Rock thought later that there might have been something in the tea to loosen up his mind. For he ended up trading quite a lot of supplies for the furs. Tinglim gave good value back, though, for another four rifles, some rounds, and compasses. He would board the ’brids while Rock traveled north, and promised to return the mounts, no strings attached, whenever the Freefighter came to claim them. They would be given foodstuffs for the trip, some of the harpoons the Eskimos used, a sled and six dogs for every member of the party, warm pelts, and a brick of Eskimo black tea, guaranteed to heat up the blood. Plus four clay gourds filled with highly volatile seal oil. “They might save your life—fuel to keep warm. Or to just make tea.”
“Thanks for the tip,” Rock said. But he began to wonder suddenly if his men had enough experience in cold-weather survival to make the journey.

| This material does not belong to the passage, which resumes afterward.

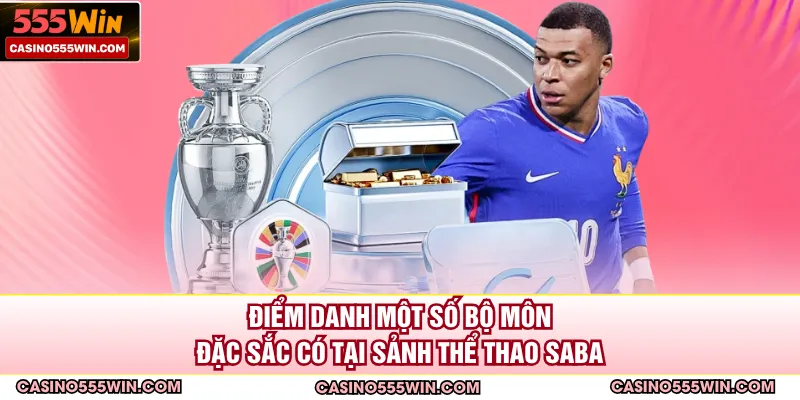 Điểm danh một số bộ môn đặc sắc có tại sảnh thể thao SABA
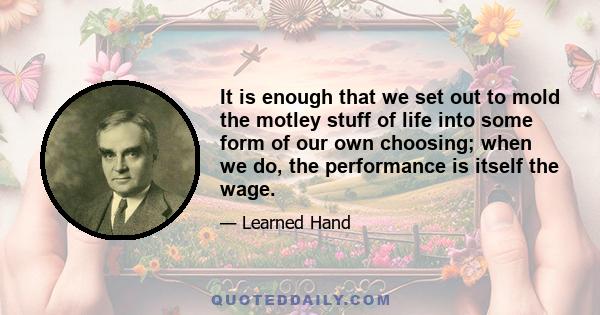 It is enough that we set out to mold the motley stuff of life into some form of our own choosing; when we do, the performance is itself the wage.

Almost as if reading his thoughts, Tinglim said softly, “You need me too, Rockson. I am coming along to help you—friend. We leave after a good rest for yourself and your men.”
Rockson nodded and yawned. Some shut-eye was a good idea.
Twelve
An aged, frail man sat reading in his electric wheelchair on his “solarium,” a glassed-in veranda overlooking Moscow. He was reading On War, by the Prussian military officer, Carl von Clausewitz. The book had been the basis of military strategy for the entire nineteenth century. He wrapped his shawl more closely about him as strontium-filled clouds passing over a wan sun cast chilling shadows over the city. Vassily, “the Grandfather,” Premier of the world, gazed at the gray clouds that seemed to be threatening to envelop his empire. He’d just been reading of a campaign that had been won because the enemy had been blinded by the glare of the setting sun. That sort of strategy would never work now, he thought as the sun reemerged, resembling a shimmering stone in a pool of water.